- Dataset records
○ ○ ○ ○ ○
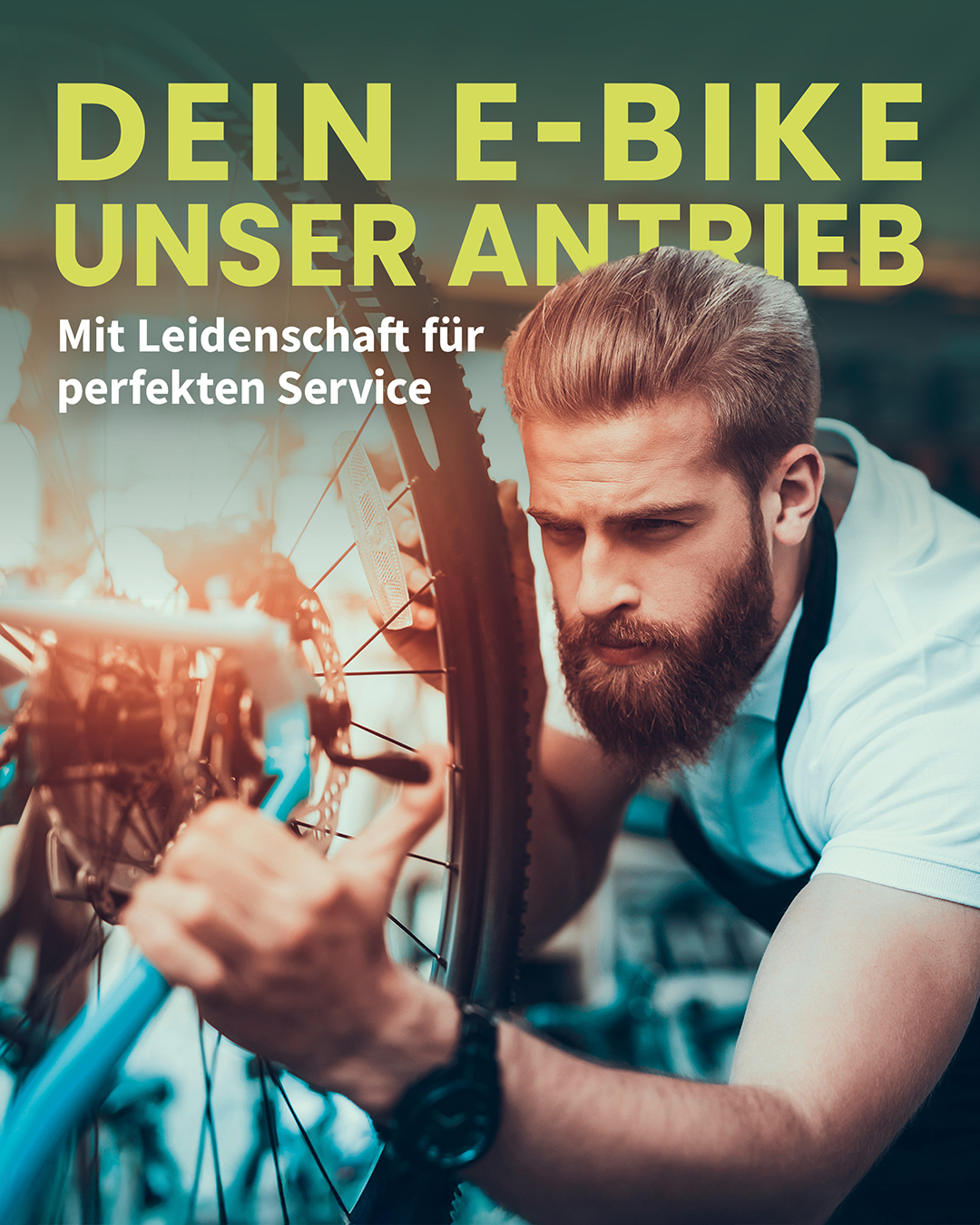 3d36a4290c83fc2971c073f34948077f Dreirad Fahrrad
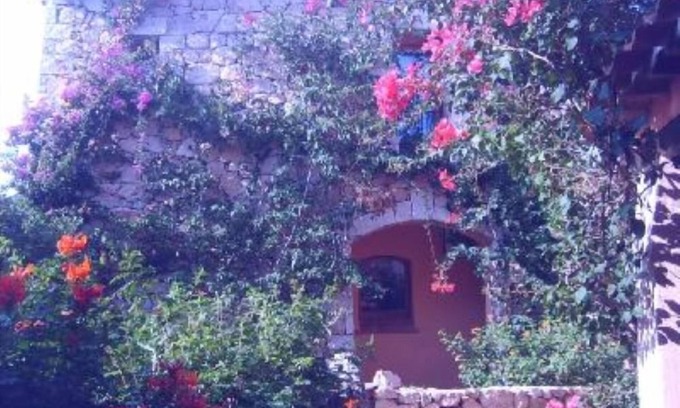 Porto Cervo Villa | PORTO CERVO: Villa con 3 dormitorios, 2 baños, amplia terraza, piscina en condominio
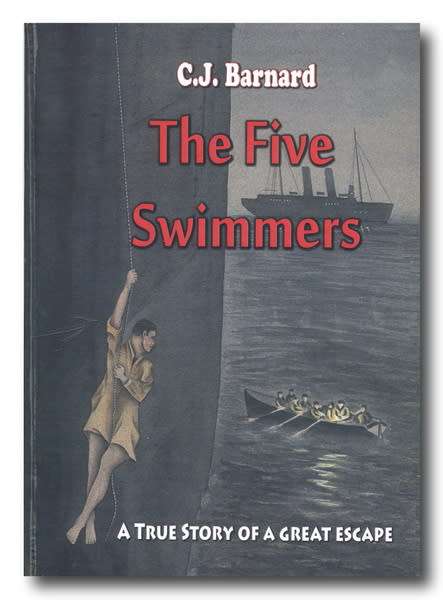 The Five Swimmers by prof Johan Barnard (2012)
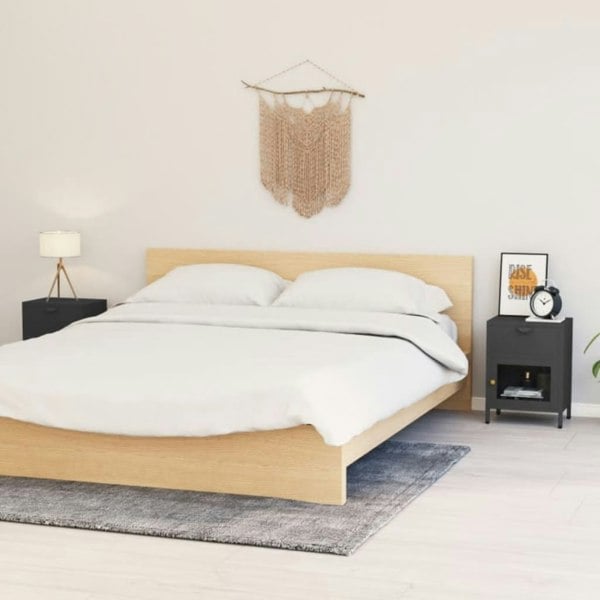 Berkfield Nightstands 2 pcs Anthracite 40x30x54.5 cm Steel and Glass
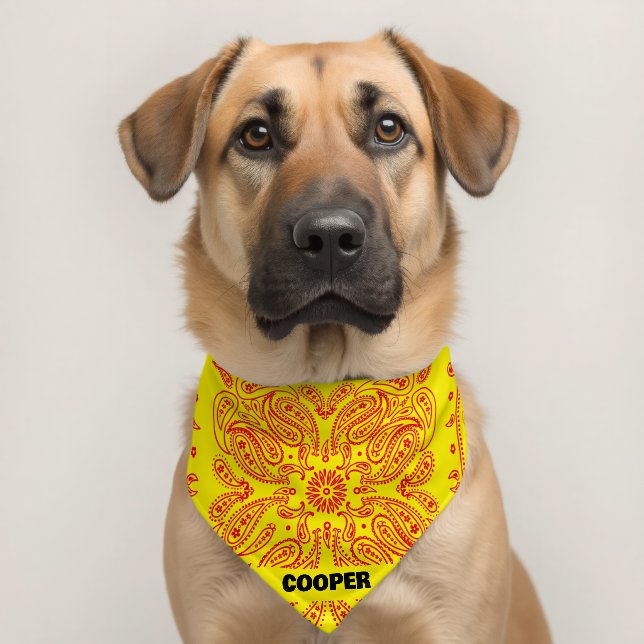 Personalized Yellow and Red Paisley  Pet Bandana Collar (Dog 2)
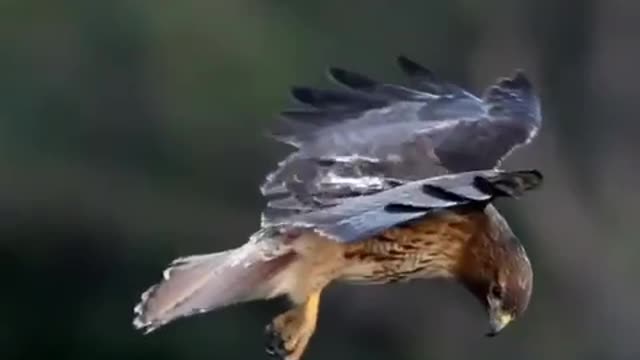 The hawk when it flies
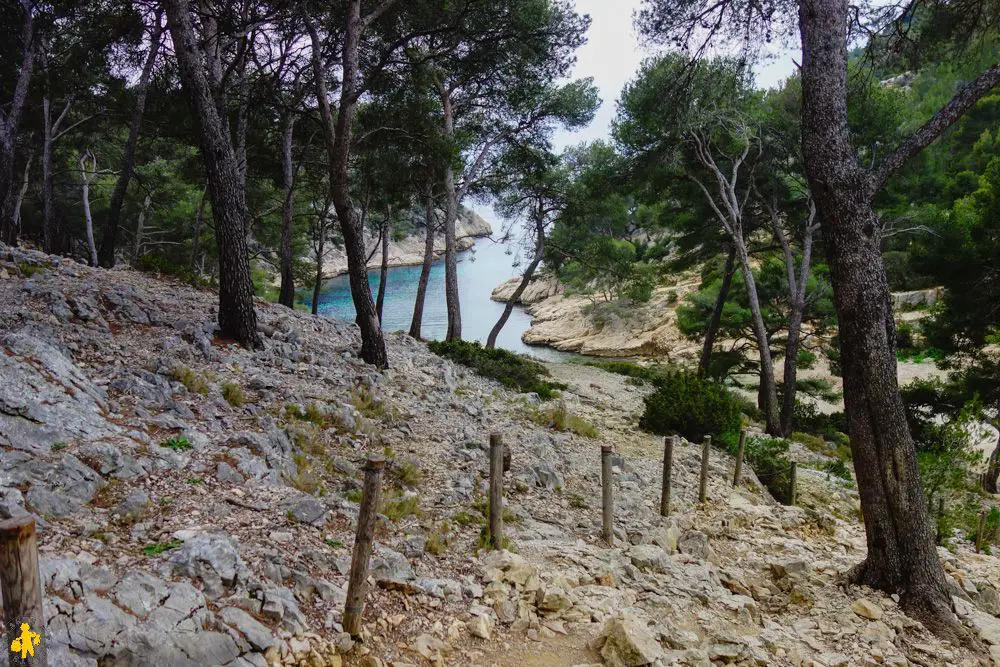 DSC06287 120170226 Calanques compressed Les Calanques en famille Marseille ou Cassis pour randonner | Blog VOYAGES ET ENFANTS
○ ○ ○ ○ ○
- AIM OF THE TASK
Could the lines above be copied out exactly, with no image carried over?

- TASK SOLUTION
 3d36a4290c83fc2971c073f34948077f Dreirad Fahrrad
 Porto Cervo Villa | PORTO CERVO: Villa con 3 dormitorios, 2 baños, amplia terraza, piscina en condominio
 The Five Swimmers by prof Johan Barnard (2012)
 Berkfield Nightstands 2 pcs Anthracite 40x30x54.5 cm Steel and Glass
 Personalized Yellow and Red Paisley  Pet Bandana Collar (Dog 2)
 The hawk when it flies
 DSC06287 120170226 Calanques compressed Les Calanques en famille Marseille ou Cassis pour randonner | Blog VOYAGES ET ENFANTS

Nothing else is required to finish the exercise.